Estudo: mais de metade dos colaboradores partilha conteúdos da empresa em plataformas de IA

Contudo, estes dois gigantes — Samsung e Amazon — não estão sozinhos neste ‘drama’. Um estudo da Cisco de 2025 sobre privacidade e segurança da informação dá conta de que mais de metade dos colaboradores das empresas sujeitas ao questionário insere dados de trabalho (alguns sigilosos) em plataformas de IA.

Em contraponto, e segundo o referido documento, a segunda maior preocupação manifestada pelos inquiridos (profissionais de cibersegurança) é que os assuntos partilhados nestes chatbots sejam sugeridos como resposta a qualquer pessoa, nomeadamente à concorrência.

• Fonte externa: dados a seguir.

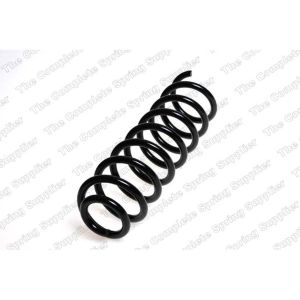 Coil Spring - Rear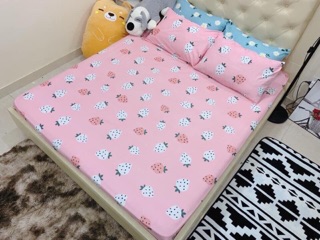 Bộ ga gối cotton polly (ảnh thật)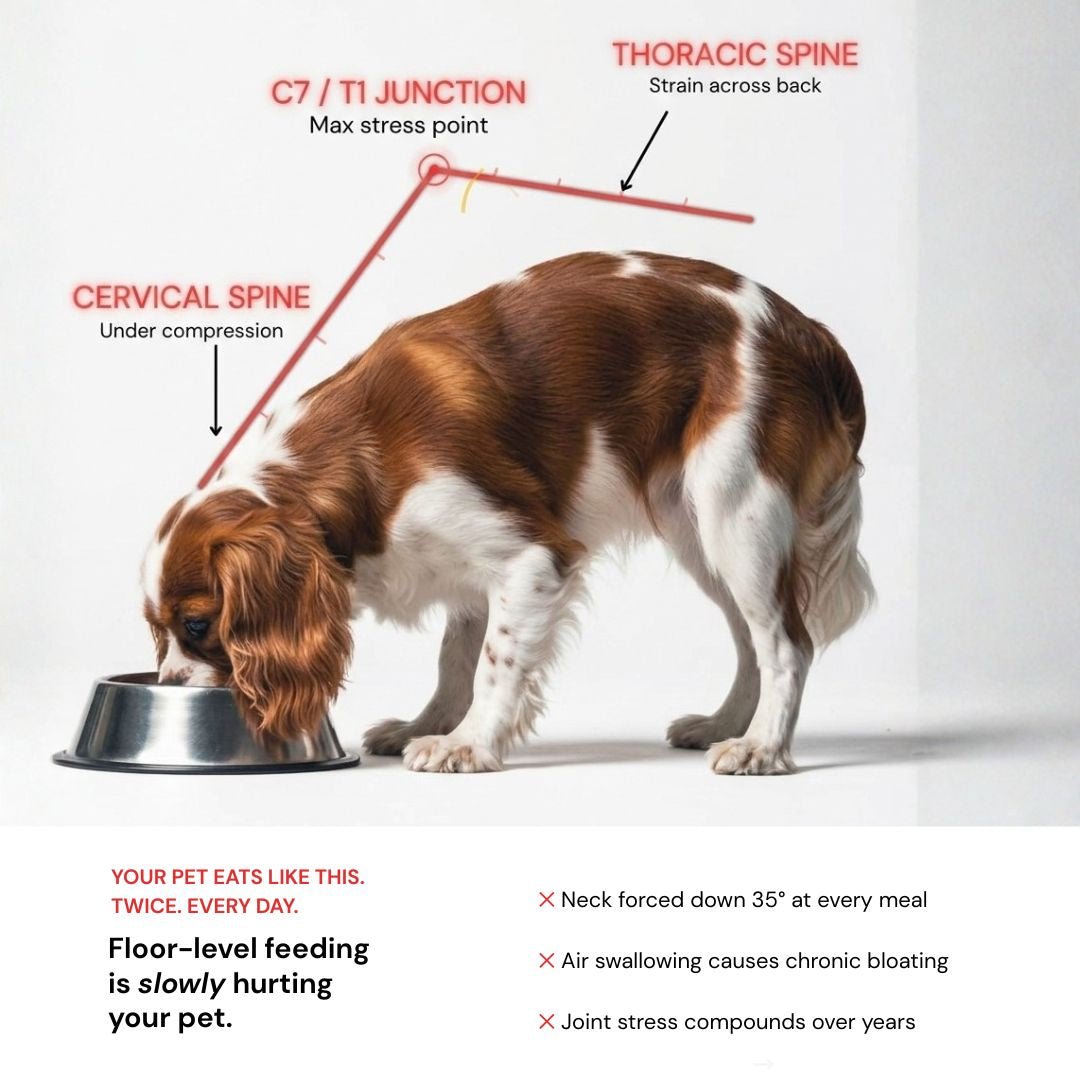 Terra Duo Food Bowls - coolify design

O trabalho indica ainda que 86% das organizações reconhece o valor significativo que estes companheiros digitais representam no dia a dia. Mas, afinal, como está a reagir o tecido empresarial aos potenciais riscos destas ferramentas? Tipicamente, adotam uma de três abordagens.

 

Como é que as empresas protegem os seus dados em plataformas como o ChatGPT

Um dos posicionamentos mais comuns prende-se com a proibição total, ou seja, com bloquear o acesso a esta tecnologia de Inteligência Artificial Generativa nas redes e nos computadores, porque o perigo de fuga de informação é demasiado elevado.

Outra opção é comprar produtos off-the-shelf com garantias de privacidade, tais como o ChatGPT Enterprise ou o Microsoft 365 Copilot. Isto porque estas subscrições afiançam manter a peugada digital de cada um 100% sigilosa e ainda não fazer uso da mesma para treinar modelos de IA-Gen públicos (como a versão gratuita do ChatGPT).

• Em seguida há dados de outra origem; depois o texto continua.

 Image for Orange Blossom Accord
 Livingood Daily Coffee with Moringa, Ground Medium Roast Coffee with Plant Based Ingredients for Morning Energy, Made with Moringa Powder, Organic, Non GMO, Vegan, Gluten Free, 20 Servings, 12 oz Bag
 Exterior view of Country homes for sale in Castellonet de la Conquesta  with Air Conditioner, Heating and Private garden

Por último, soluções híbridas, as quais podem passar por duas situações. Cada empresa criar ‘o seu próprio ChatGPT’ (só estrutura), o qual depois é alimentado pela IA Generativa (conteúdos) alojada em clouds públicas (da Microsoft, Google ou Amazon) que asseguram confidencialidade. Outra possibilidade é usar modelos públicos (como o DeepSeek ou o Llama, pois o ChatGPT é privado), mas a informação de cada entidade estar alojada em clouds privadas.

É certo que sistemas como o ChatGPT são grandes aceleradores da inovação, mas também comportam ameaças. Por isso, cada vez mais, e bem, os organismos estão a dar formação aos colaboradores para que estes compreendam os potenciais problemas de introduzir dados, sobretudo sensíveis, nas mesmas.

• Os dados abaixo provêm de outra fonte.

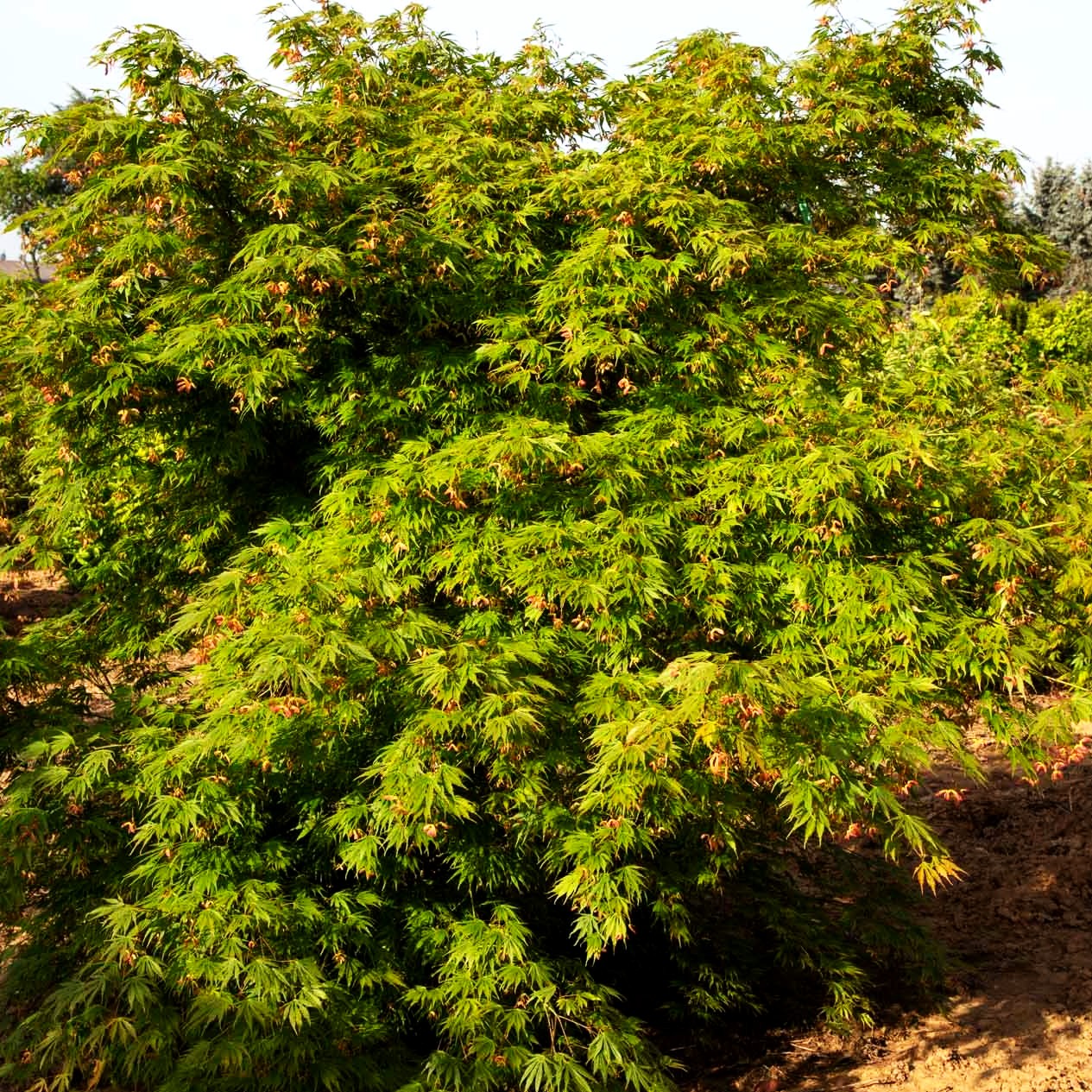 Japanischer Fächer-Ahorn 'Omure yama' (Acer palmatum)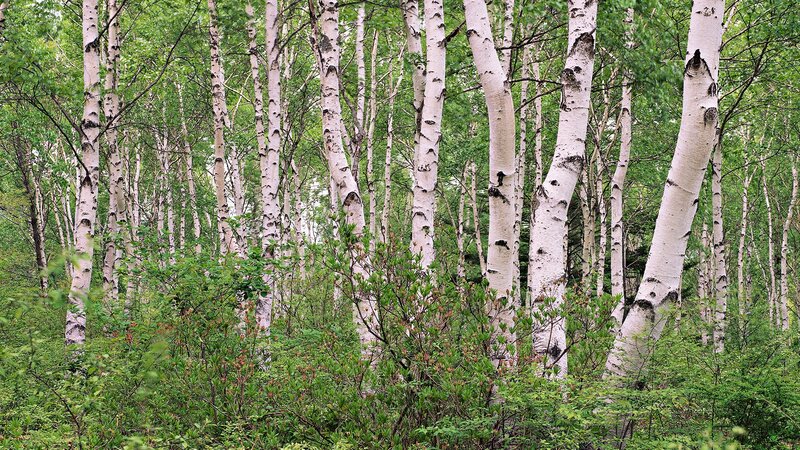 Birch forest in spring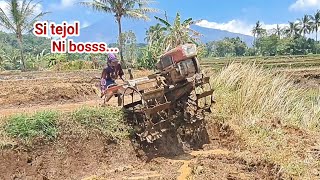 Si tejol bangkit dari kubur🤣...!! Traktor boxer meratakan tanah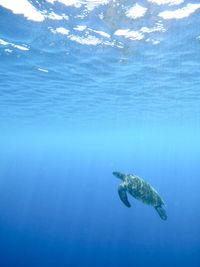 High angle view of turtle swimming in sea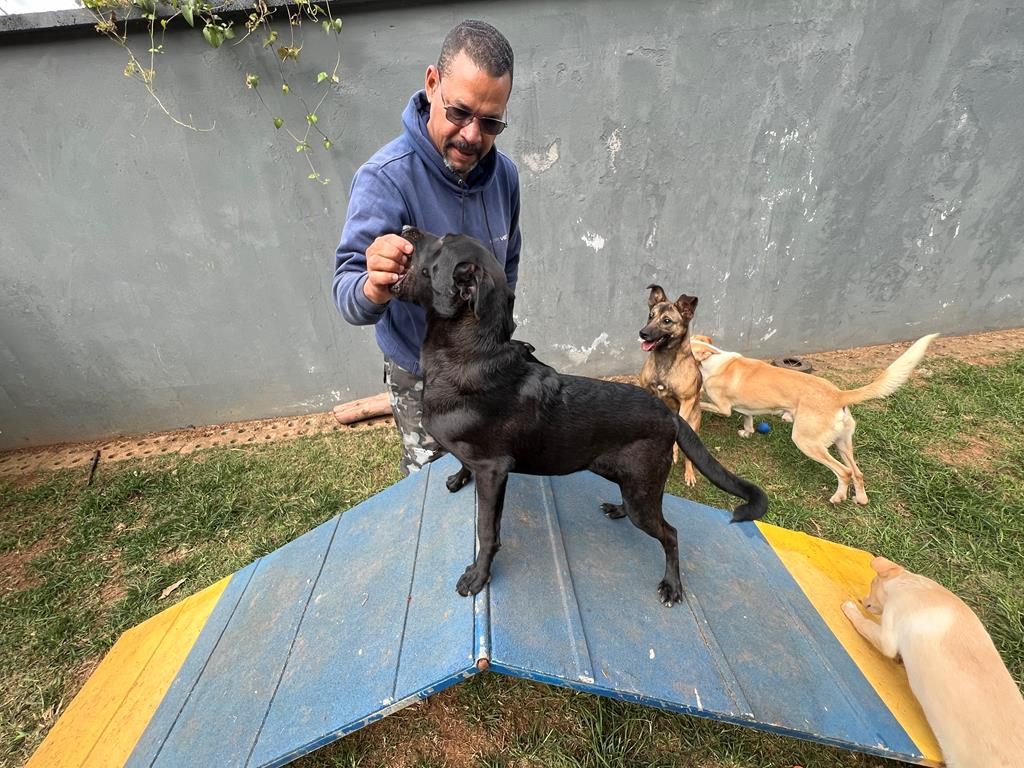 feira adoção pets barueri setembro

Em suma, as tecnologias que integram IA-Gen já revolucionaram, a nível macro e micro, o quotidiano das entidades. Todavia, exigem gestão cuidadosa e regras claras para evitar riscos. Entre a eficiência e a segurança, é fundamental encontrar um ponto de equilíbrio que proteja os ativos mais valiosos de qualquer marca: informação e reputação.

Por isso, é imprescindível que cada um de nós, na esfera privada e laboral, tenha muita atenção e não se deixe seduzir por ‘ratoeiras fofinhas’ como os filtros ‘à la Studio Ghibli’ e Action Figures, pois podem perfeitamente ser a alavanca mascarada dos próximos Data Leaks.